Ringfort (Cashel), Spunkane, Co. Kerry
Co. Kerry |
Ringforts
Beneath the overgrowth and centuries of accumulated field clearance on a low ridge above Lough Currane in south Kerry, there is more here than first appears.
What looks from the outside like a lumpy, grass-covered bank is in fact a caher, a type of Irish stone ringfort built from drystone walling, with inner and outer faces enclosing a rubble core. The problem is that generations of farmers clearing nearby land have dumped the debris against the walls, in some places swelling a wall that was originally around 2.7 metres wide to nearly 6 metres. The entrance has been entirely swallowed up, and the interior is thick with vegetation. Only the difference in height between the inside and outside, and the rough circular shape with an internal diameter of roughly 16 metres, confirms what you are looking at.
What makes the site genuinely unusual is what lies underground.
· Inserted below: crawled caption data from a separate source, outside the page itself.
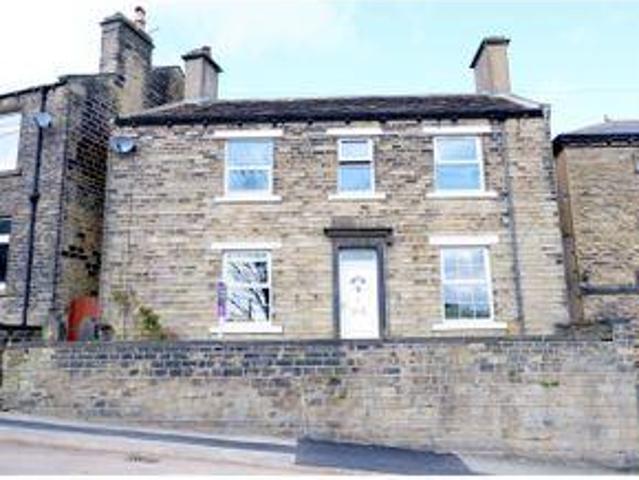 House for sale in Huddersfield, West Yorkshire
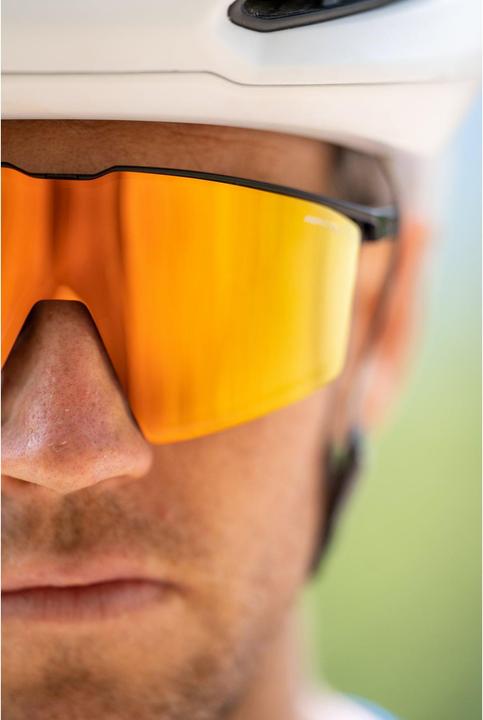 Produktbild Julbo Sportbrille Edge (Black, Schimmernd, JULBO Reactiv Light Amplifier 1-3)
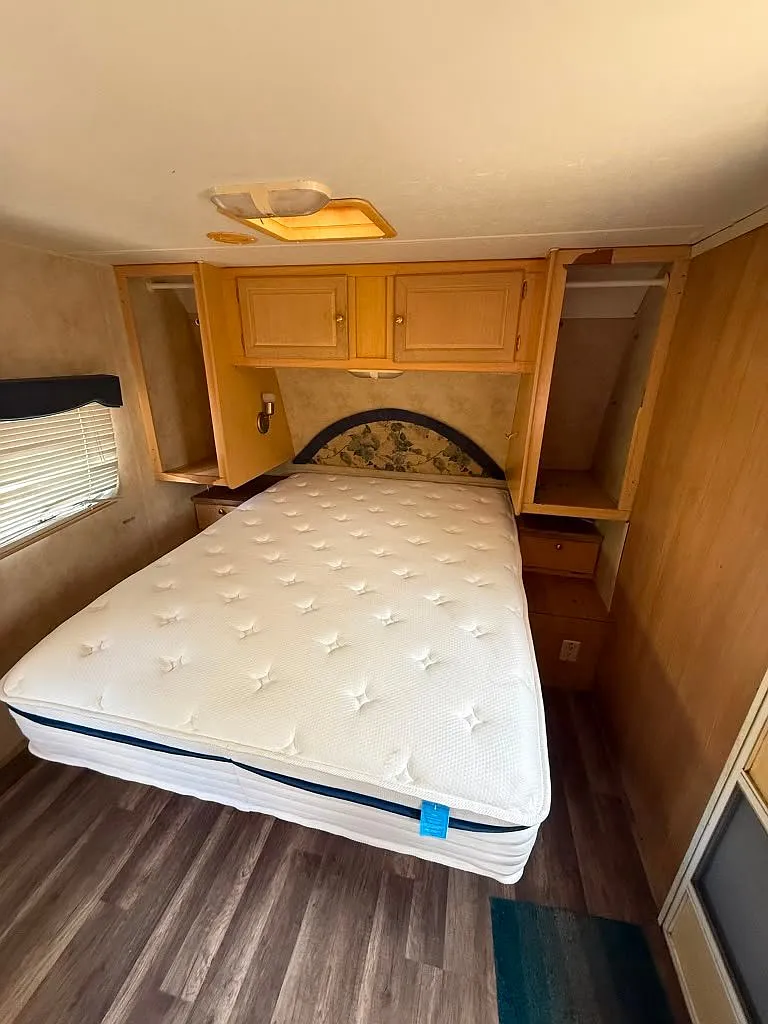 RV for Sale - 10 Minutes to the Beach - Daytona, FL - Financing Available — Photo 3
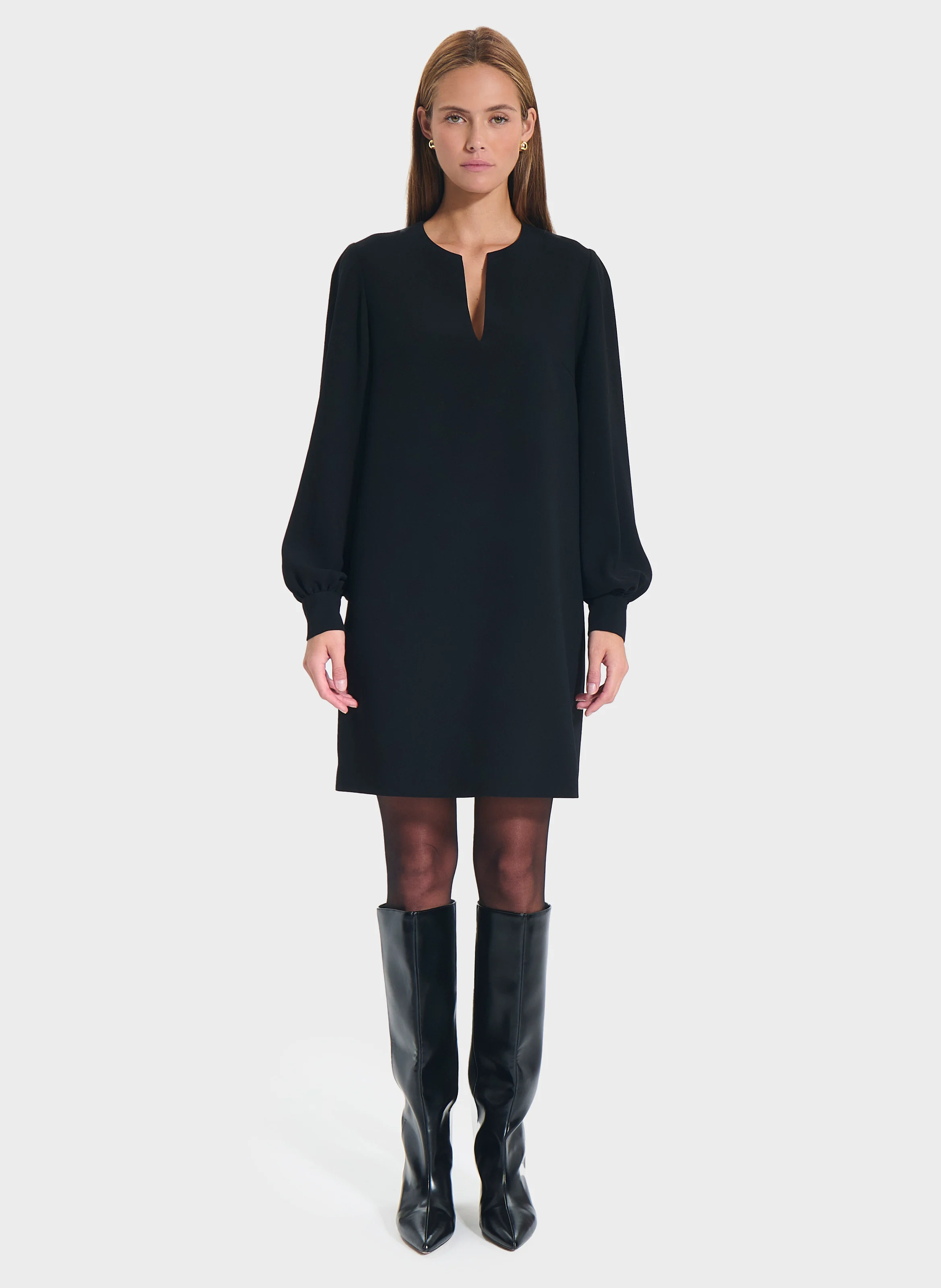 RHEALA - Robe courte col V | Noir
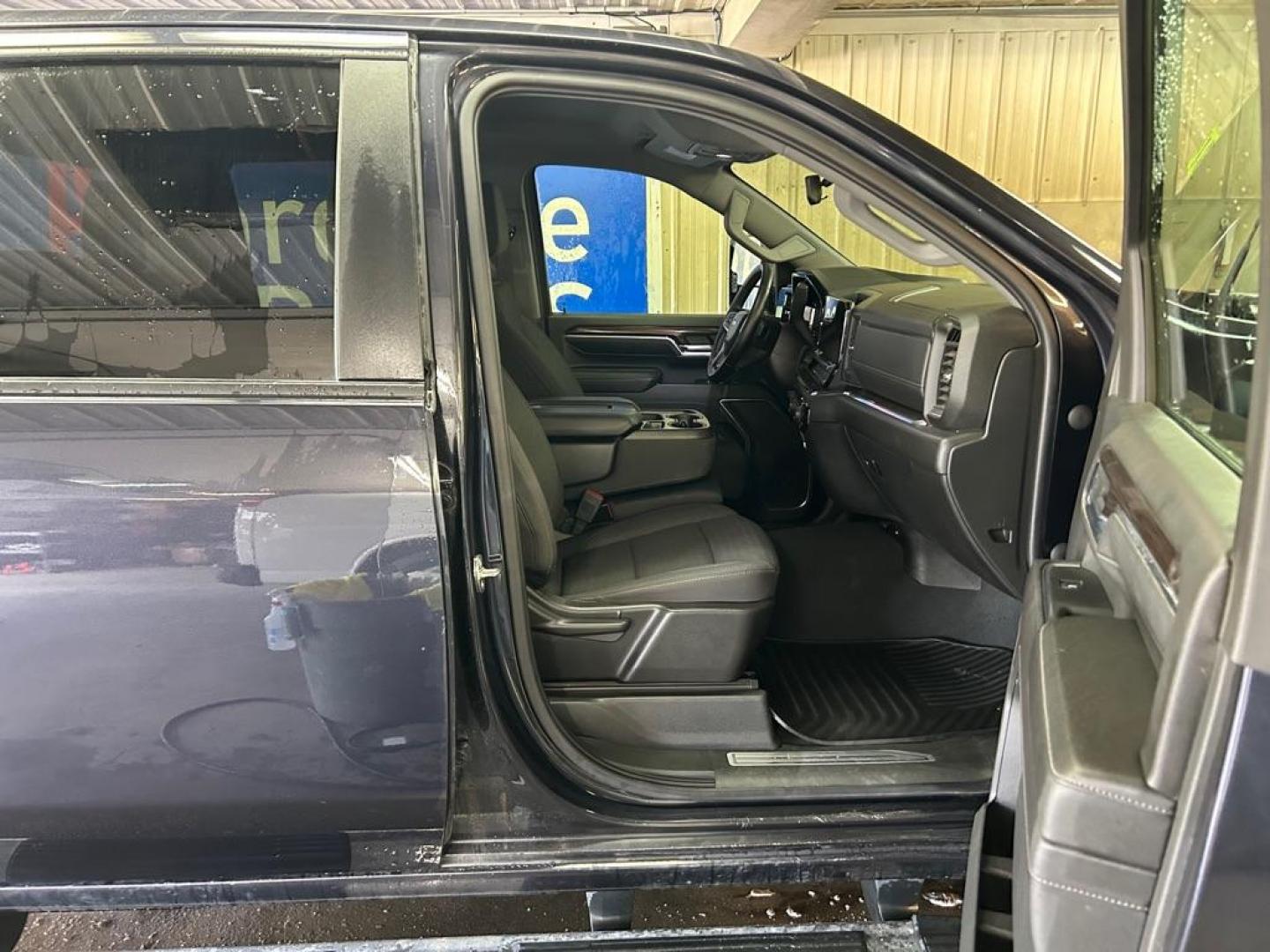 2024 GRAY CHEVROLET SILVERADO 2500 HEAVY DUTY LT (1GC4YNE74RF) with an 6.6L engine, Automatic transmission, located at 2525 S. Cushman, Fairbanks, AK, 99701, (907) 452-5707, 64.824036, -147.712311 - Photo#3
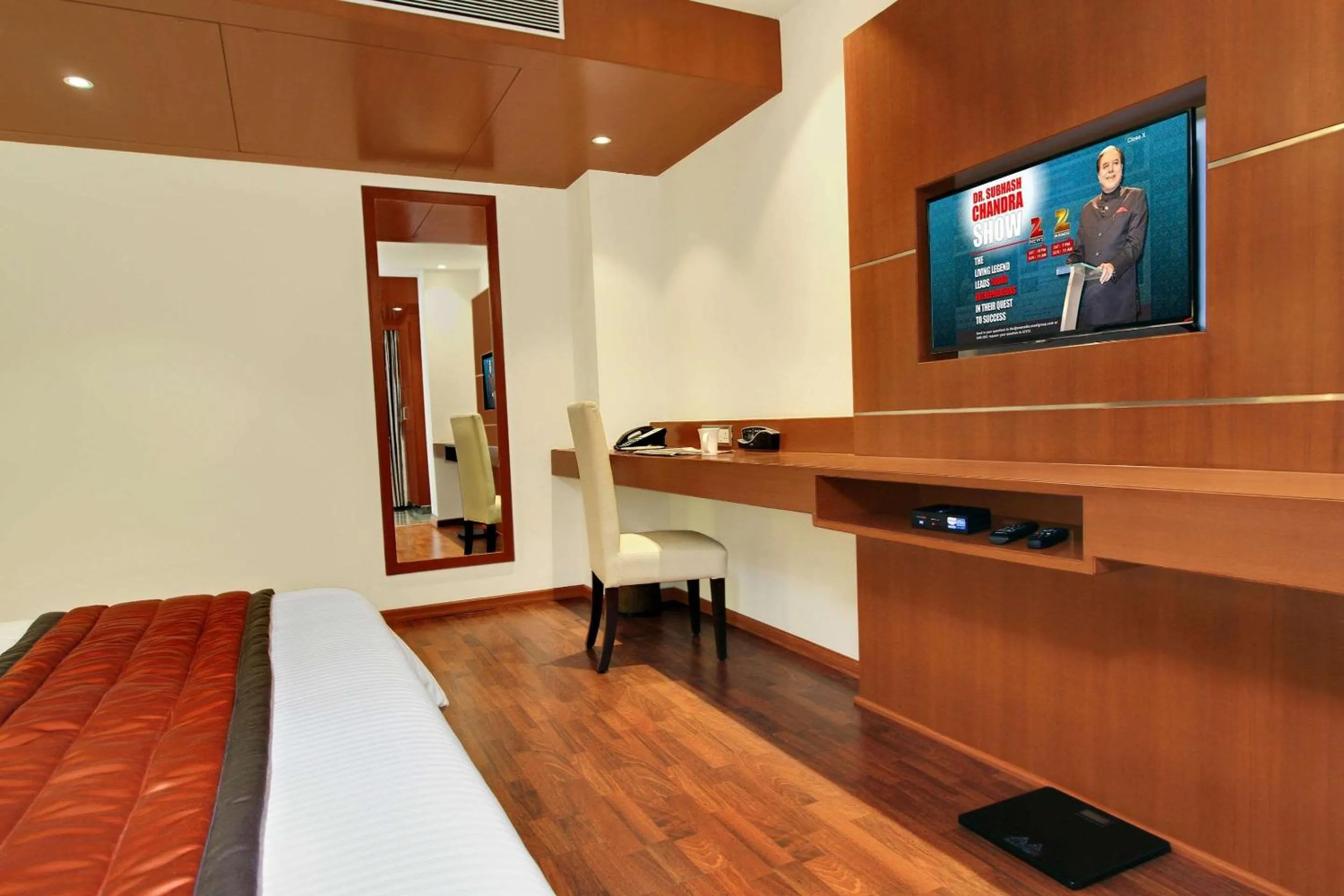 Photo of the whole room in Comfort Inn Insys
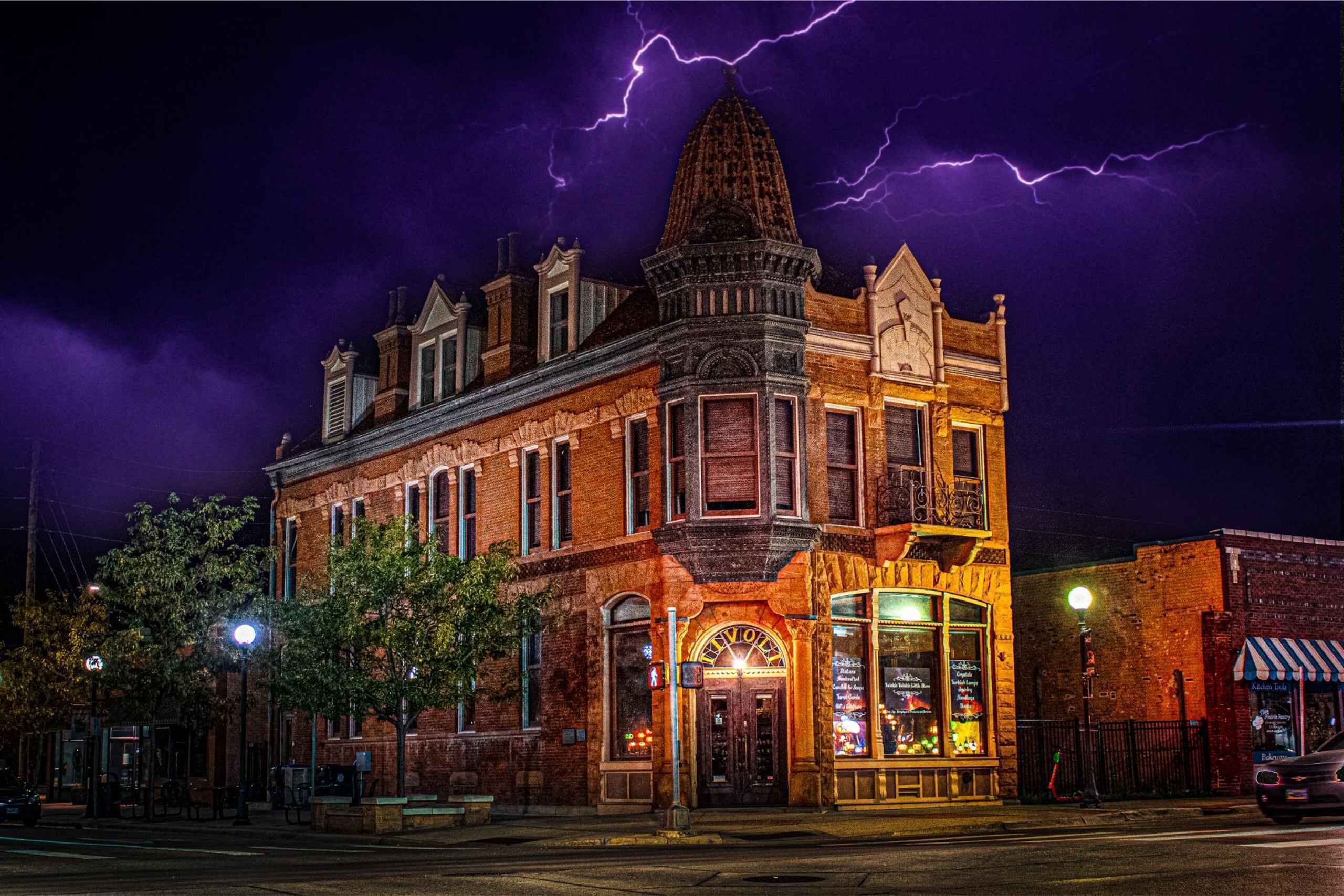 Cheyenne Ghost Tours: Coffins Beneath the Cottonwoods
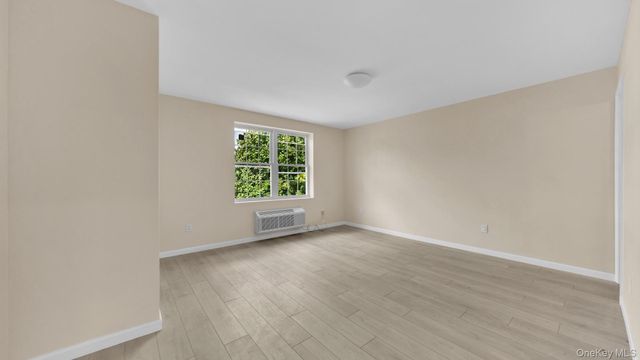 955 E 229th Street, Bronx, NY 10466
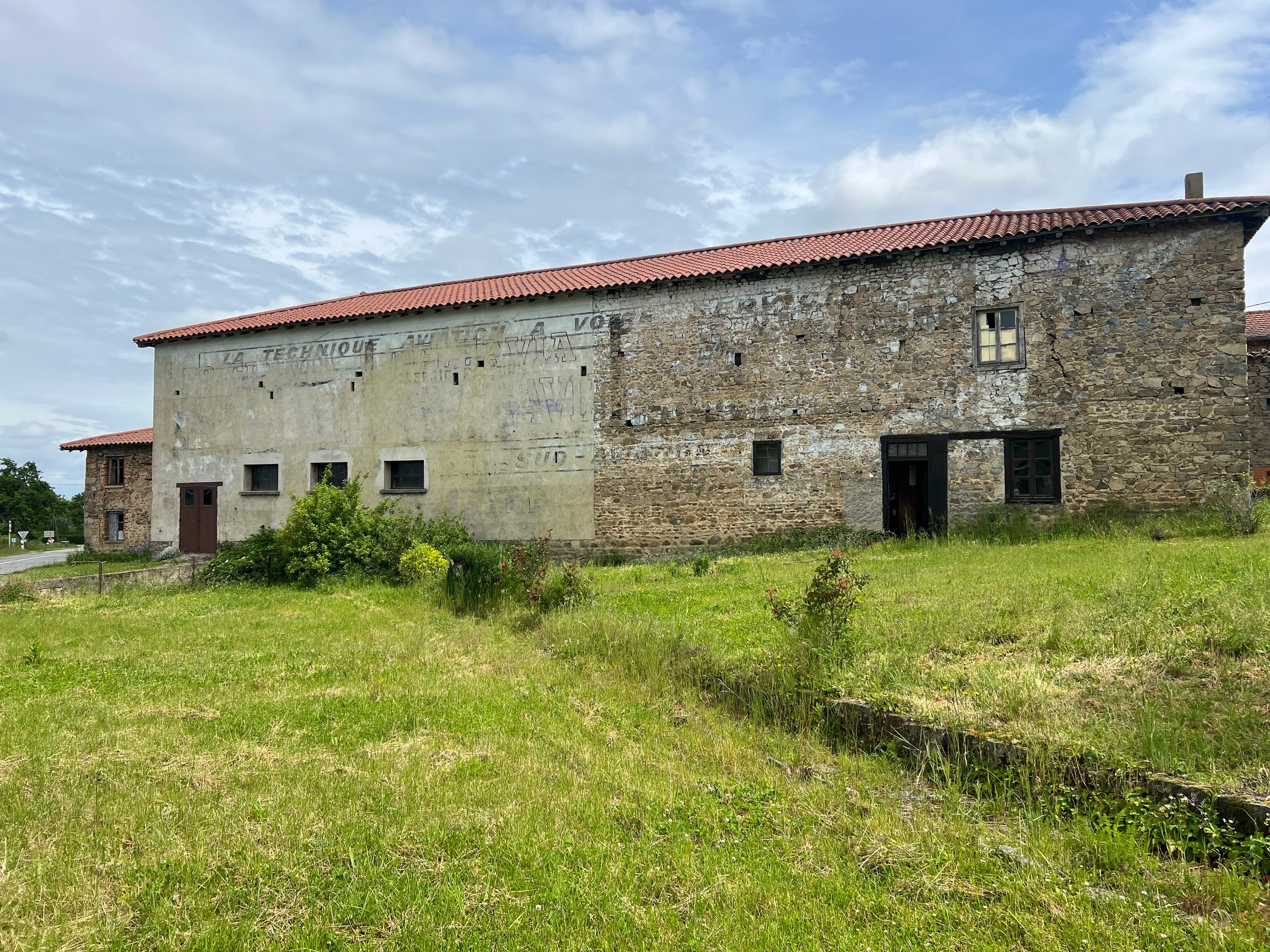 Ferme auberge + Terres agricoles - 6.8 ha - Machézal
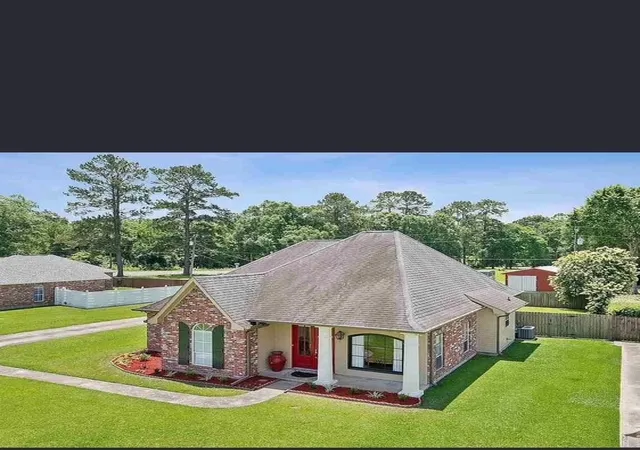 Photo 1 of Single family home for sale at 7432 Lake Meadow Dr, Denham Springs, LA 70706 | MLS# 21302388 | Listing updated on 2026-08-22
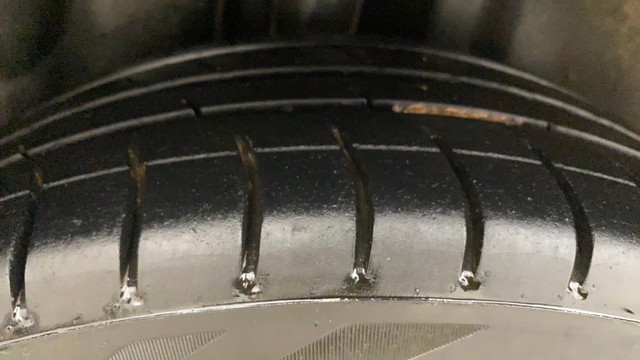 Volkswagen Polo Petrol Comfortline 1.2L Second-hand 2013 Volkswagen Polo Petrol Comfortline 1.2L for sale in Hyderabad-3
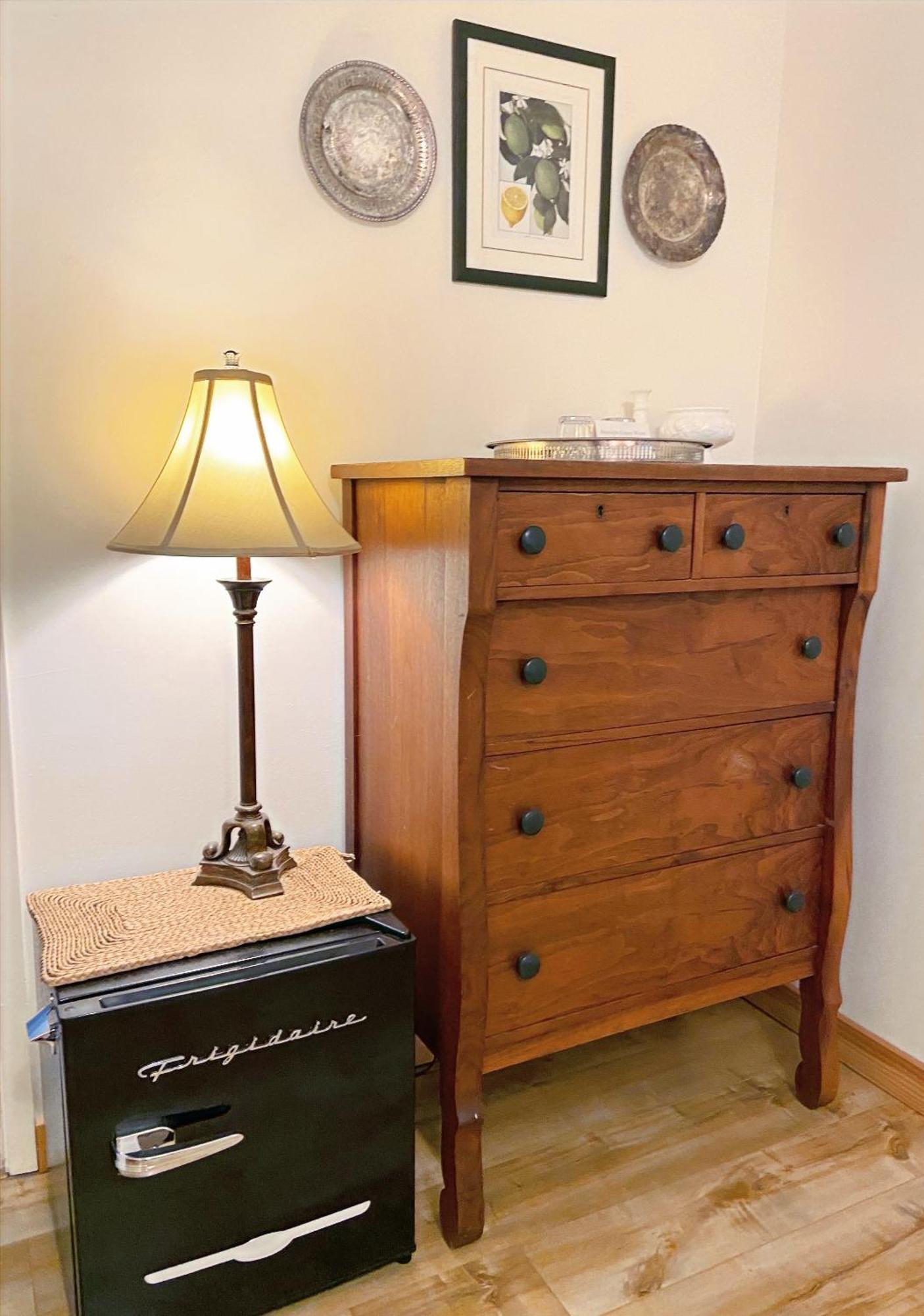 Standard Queen Room,1518037366:JPEG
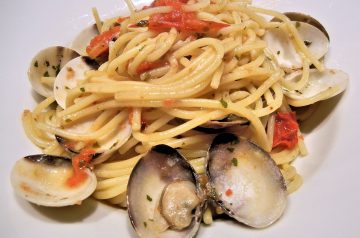 Clams With Tomato and Basil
A souterrain, an artificial underground passage of the kind commonly associated with early medieval settlement in Ireland, runs beneath the enclosure in a sequence of three linked passages. An opening in the northwest quadrant, barely 70 centimetres wide and 60 centimetres tall, leads into the first passage, which runs roughly north to south for 3.3 metres, roofed with stone slabs and walled in earth. A lintelled creepway, just 50 by 30 centimetres, connects it to a second, longer passage of 4.7 metres, this one tall enough to stand in at 1.3 metres. A third passage, aligned east to west, is now inaccessible, its drystone side-walls and slab roof intact but the way in blocked. An investigator named O'Connell, working for the Office of Public Works in 1937, entered the souterrain through an opening in what was then the southeast outer wall of the caher; that opening has since been buried under field clearance material. In the southwest quadrant of the enclosure, the possible remains of a circular hut some 4 metres in diameter can still be made out, hinting at the domestic life once contained within these walls.